Success depends on what you are looking for and what you do to reach it. If you want to track the impact of a news story, the greater coverage of the Internet Archive would be essential. It also offers a timeline display of results by source. If you want to see what someone or something looked like RIGHT NOW, the 30-second streamed clip from the Internet Archive is your best hope. On the other hand, if you want to track a major story over a length of time with a minimum of duplication, perhaps Vanderbilt would be your best choice. Reading abstracts would certainly be cheaper than any of the fees for borrowed DVDs from either archive. Neither service charges for searching or browsing. The standard rate for a half-hour of a complete program from Vanderbilt is $100 with discounts to $50 or $25 for specific categories of users. The standard rate for compilations of segments is $27 per segment with discounts to $17. Internet Archive charges $50 per disc and only sends complete programs, one per disc.
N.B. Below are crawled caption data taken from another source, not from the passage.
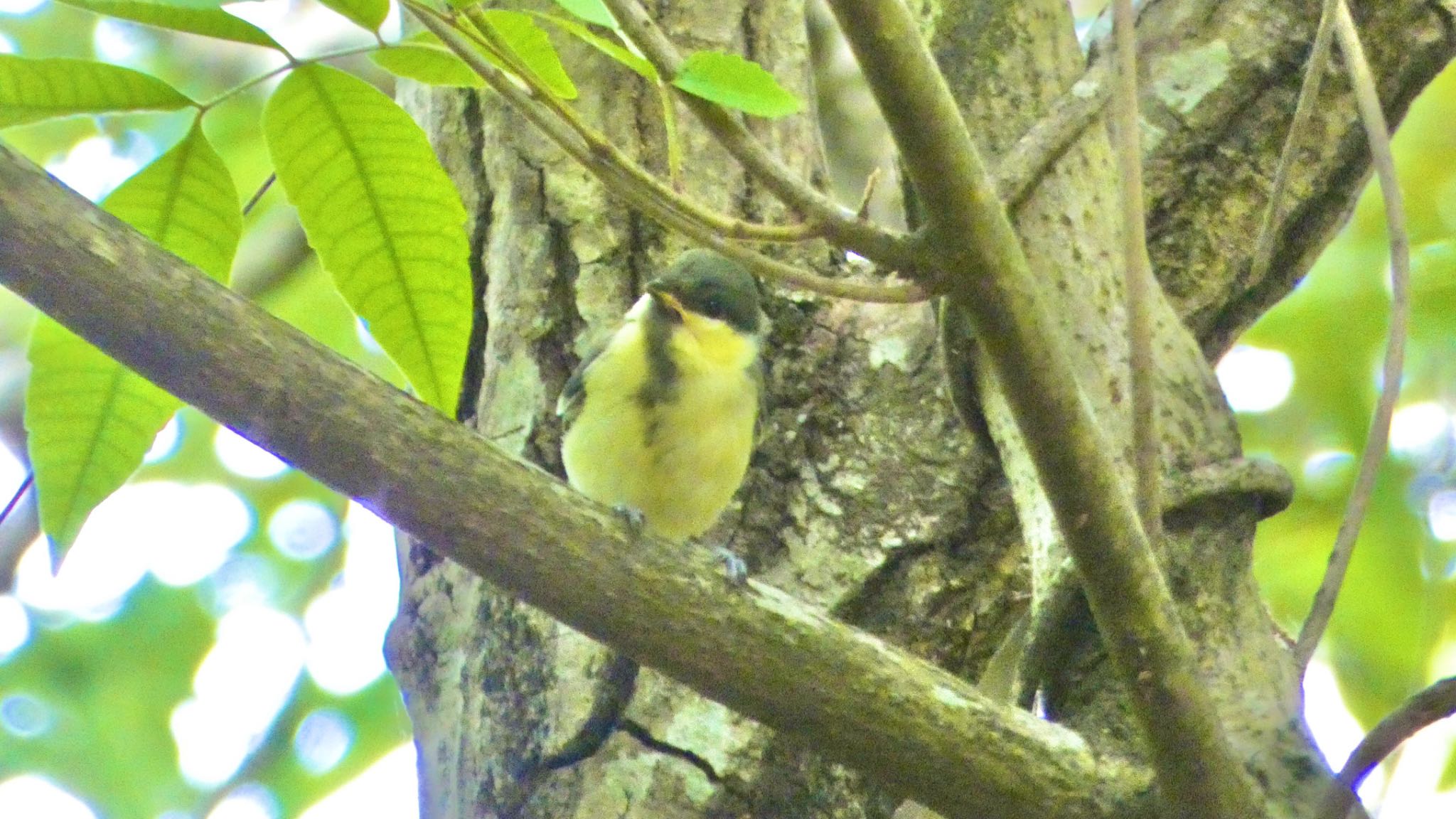 Japanese Tit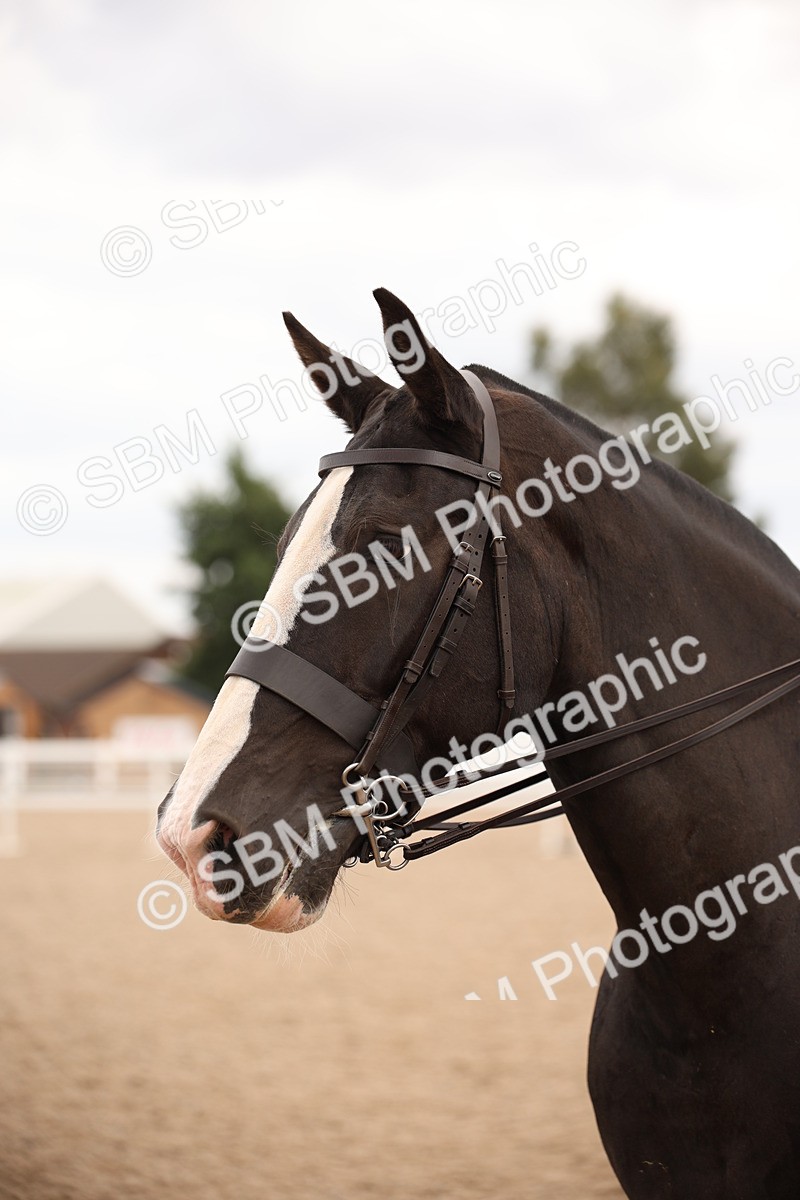 SBM_05470 - Class 22 SSA Equitation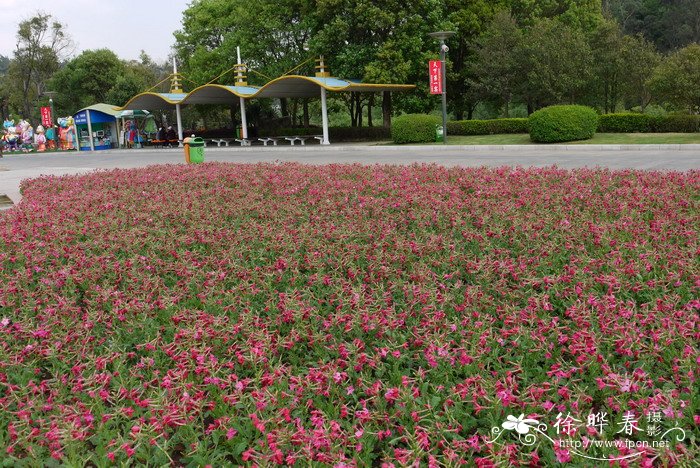 花烟草Nicotiana alata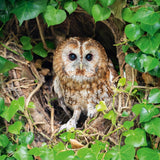 Tawny Owl - Nature Tales blank card
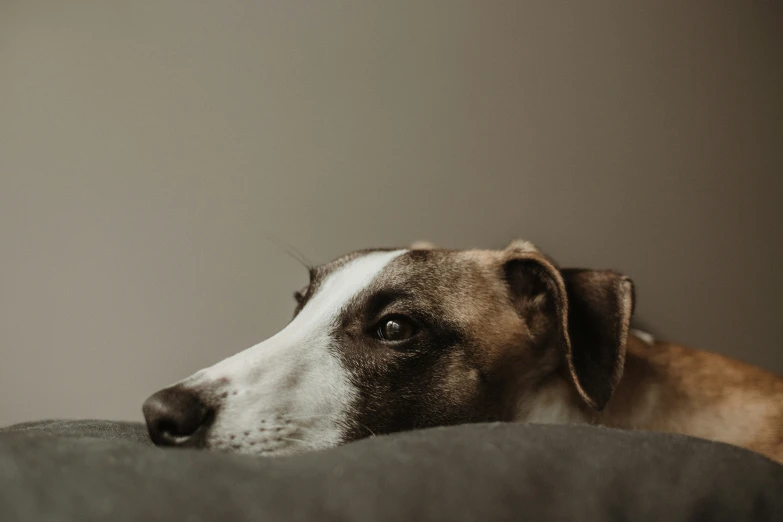 dog looking over pillow on bed with wall in background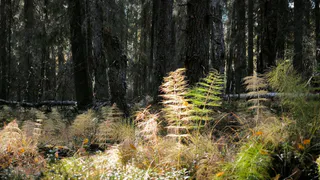 В Чувашии родственник министра получил 5 тысяч гектаров охотничьих угодий за всего 3 тысячи рублей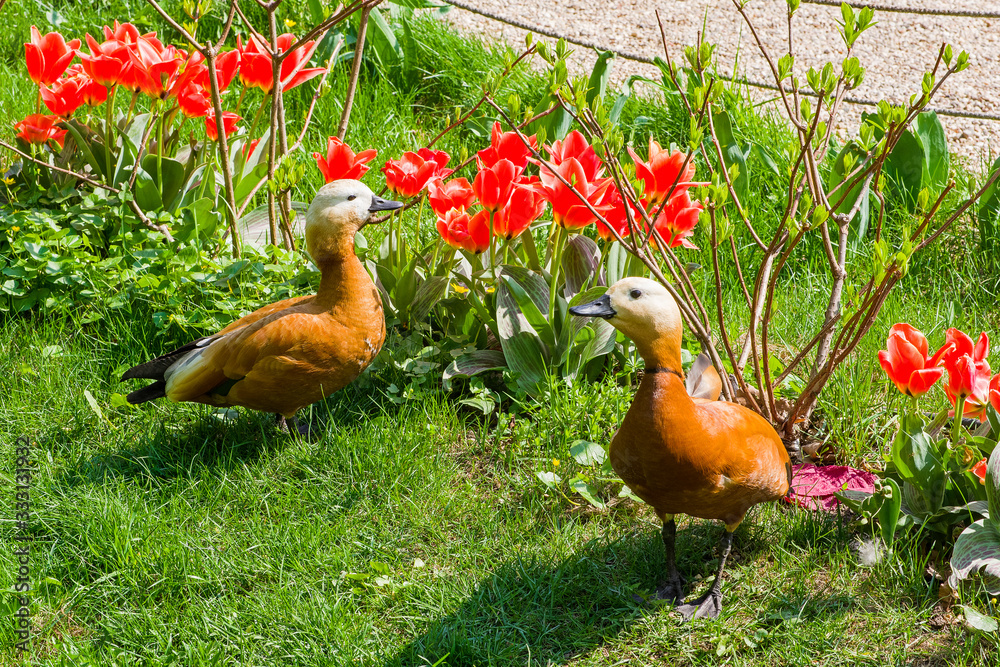Fototapeta premium Two ruddy shelducks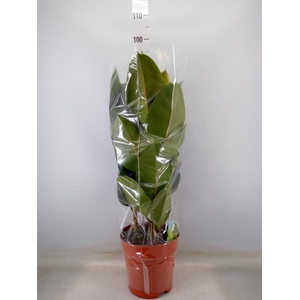 Ficus elastica 'Robusta'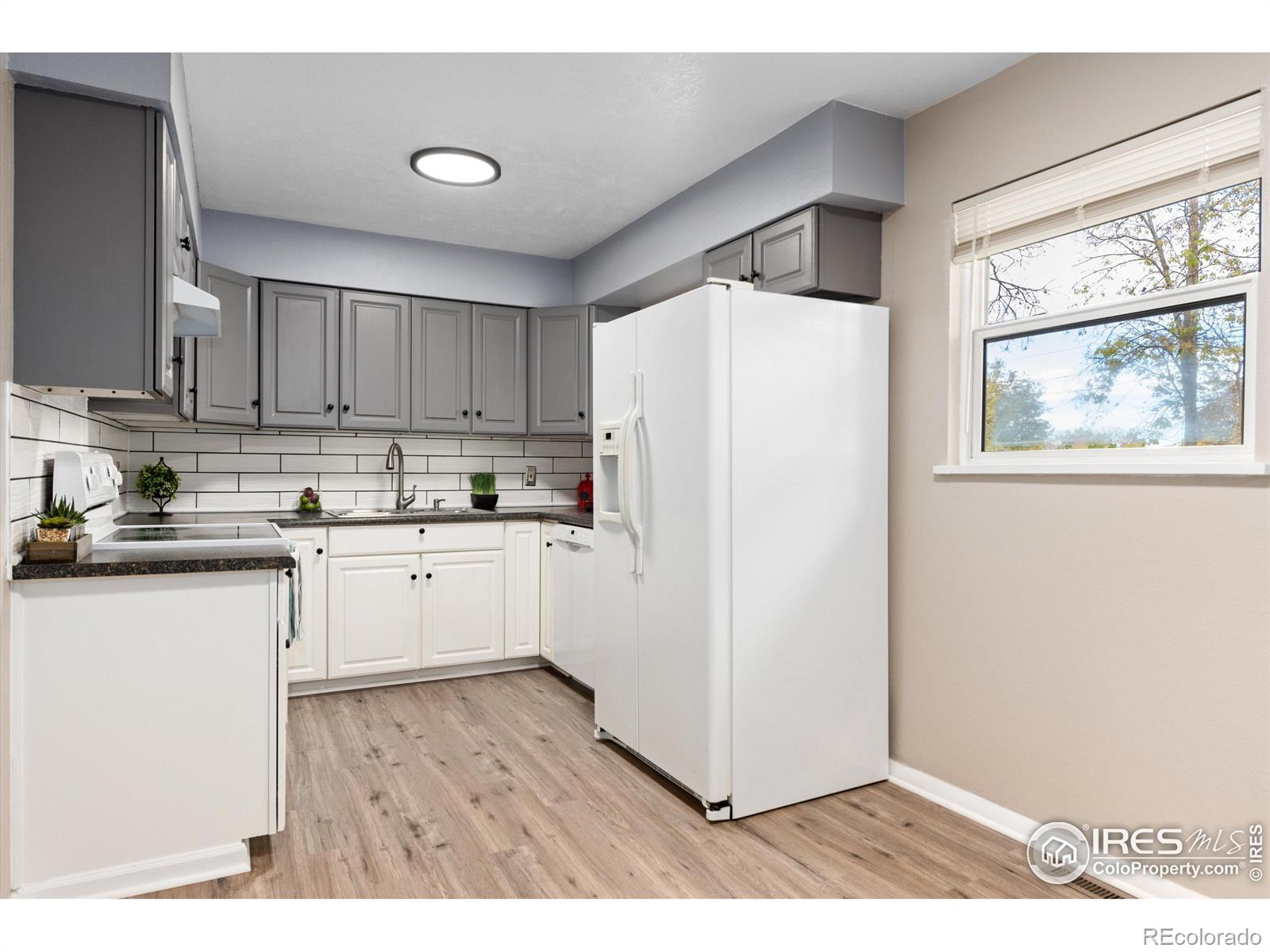 MLS Image #10 for 1120  sumac street,longmont, Colorado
And then the sophisticated (aka cheap) searcher who only wants to get the facts of the story might use either archive to pin down the date and a search term or two and go to free or cheap print sources for all the details. Of course, if you’re working on a dissertation or Ken Burns documentary, you might find it economically prudent to just fly to San Francisco or Nashville, Tenn. and “borrow” the sources you need on site.
The money to support the Internet Archive effort comes from grants from the Library of Congress, the National Archives, and others. It is also talking with the Knight Foundation, the Arcadia Foundation, the Sunlight Foundation, and the Craig Network. The Vanderbilt effort also taps sponsoring institutions, offering discounts for students and faculty. And, of course, the DVD “borrowing” fees also help defray costs.
“What about copyright? What about permissions?” you may be asking. Shhh.
For background, see Paula J. Hane, “Vanderbilt Improves Television News Archive,” Information Today, October 2002.